Kemudian Yoongi yang duduk di depan tivi itu seketika terkejut. Tembakannya hanya sekali, tapi tak terduga karena obrolan di tengah cumbuan.
"Jadi lelaki itu menembak siapa?" tanyanya yang jadi menaruh atensi sepenuhnya pada film kini.
"Menembak aku, " jawab Jimin. Alis itu membentuk pilinan di pangkal hidung. Matanya lekat pada layar kaca dengan sosok lelaki yang masih berdiri tanpa bergeming dengan sebuah pistol di tangannya. "Yoongi, tadinya kupikir kita akan baik-baik saja hanya dengan berteman. Tapi tidak, ternyata."
"Huh?" lelaki berambut biru yang mendudukinya itu memasang wajah bingung yang polos.
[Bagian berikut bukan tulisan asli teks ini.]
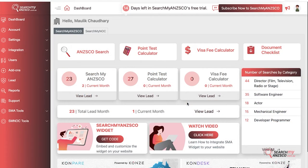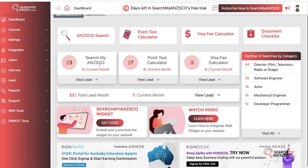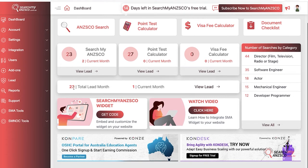This is the dashboard of Search Man School. You have got search widget options here — search point test calculator, visa fees, and document checklist. Underneath there you have got some basic stats for the month, which is your searches and your leads for this month, and then underneath you have the total summary stats.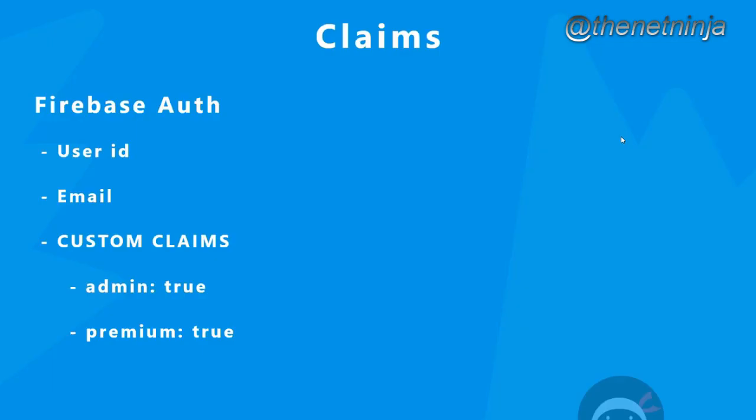Custom claims are also accessible on the front end, which you can use to control what clients see. Check out this custom claims intro by the Net Ninja: What are custom claims? In a nutshell, claims are just extra bits of information that can be associated with a particular user. We've already seen the basic properties of a user using Firebase Auth - things like the user ID, email, or display name. But we can also store additional special properties via custom claims. An example would be an admin property set to true, or a premium property for a paying user set to true.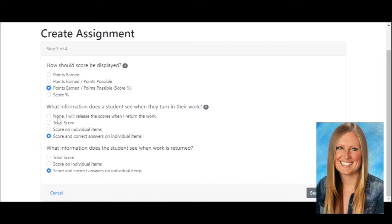You can click on none — I will release the scores when I return the work. I really love this one because sometimes students ask how come they didn't get points for something, and you have to say you need to go back and grade it. Now there won't be any questions because I'll grade it and then release the scores. But if you want to, and if it's auto-graded, you can also have it release the total score right away.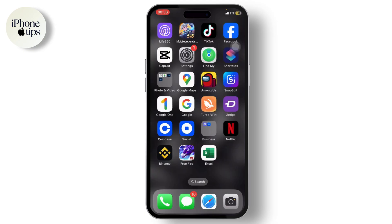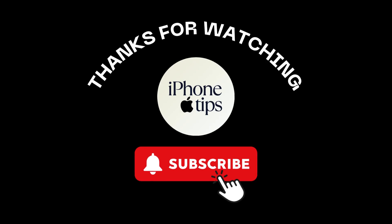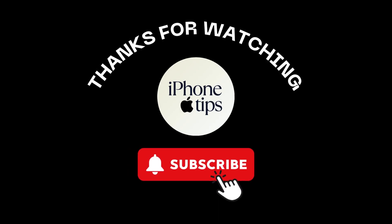Now when you want to stop recording, you cannot just tap there since it's not visible anymore. What you'll need to do is head over to your control panel and tap on the screen recording option. And that is how you can hide the recording red symbol while screen recording on iPhone. Thanks for watching, stay tuned for more, and bye bye!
"Kurasa diriku di masa depan akan membunuhku jika aku masih tetap menganggapmu teman seperti hari ini, sekarang. Dia katakan aku berbohong, tapi memang begitu. Anehnya kenapa dia tahu?"
"Jimin, apa maksudmu?"
"Kita bukan teman."
"Jimin ... aku tak paham."
"Maaf aku sudah menipu, aku memang mencintaimu. Tolong jangan tinggalkan aku, tetaplah bersamaku di sini."
Yoongi dipeluk. Yang dia herankan kenapa Jimin bisa begitu melankolis hanya karena sebuah film yang tak jelas ending-nya? Bahkan scene terakhir itu hanya layar yang menggelap diganti kredit.
"I want, want you to know.
Baby i want you to know how much I love you, how much I need you."
MISSING REEL
END
Sebetulnya cerita ini adalah interpretasi bebas dari MV Dean yang judulnya Bonny Clyde. Tapi tetep aja nggak ada intinya. Pokoknya saya kalau suka sesuatu pasti pingin ditulis, hahahaha. Silakan tonton aja bagi yang belum tahu, bagi yang udah tahu, pada sama kayak saya nggak ya, pas nonton dan denger melodinya, rasanya ada aura-aura gelap, twist, dan angsty yang unik dari lagu itu?
Baidewei, hari ini saya punya kesempatan buat aplot-aplot fanfic yang tersimpan di laptop. Karena betul, seperti di fanfic sebelum ini, yang mana saya nulis a/n tentang hiatus, saya MUNGKIN bakal hiatus sementara. Tapi saya nggak lama, dan nggak pasti betul bakal hiatus. Hehehe. Jaga-jaga kalau saya menghilang, jadi kalian sudah tahu saya kemana. Saya seorang pekerja sekarang, sedang mencoba membagi waktu untuk menulis dan bekerja. Kalau saya muncul tiba-tiba setelah fanfic ini, lupakan saja tentang kecemasan saya itu.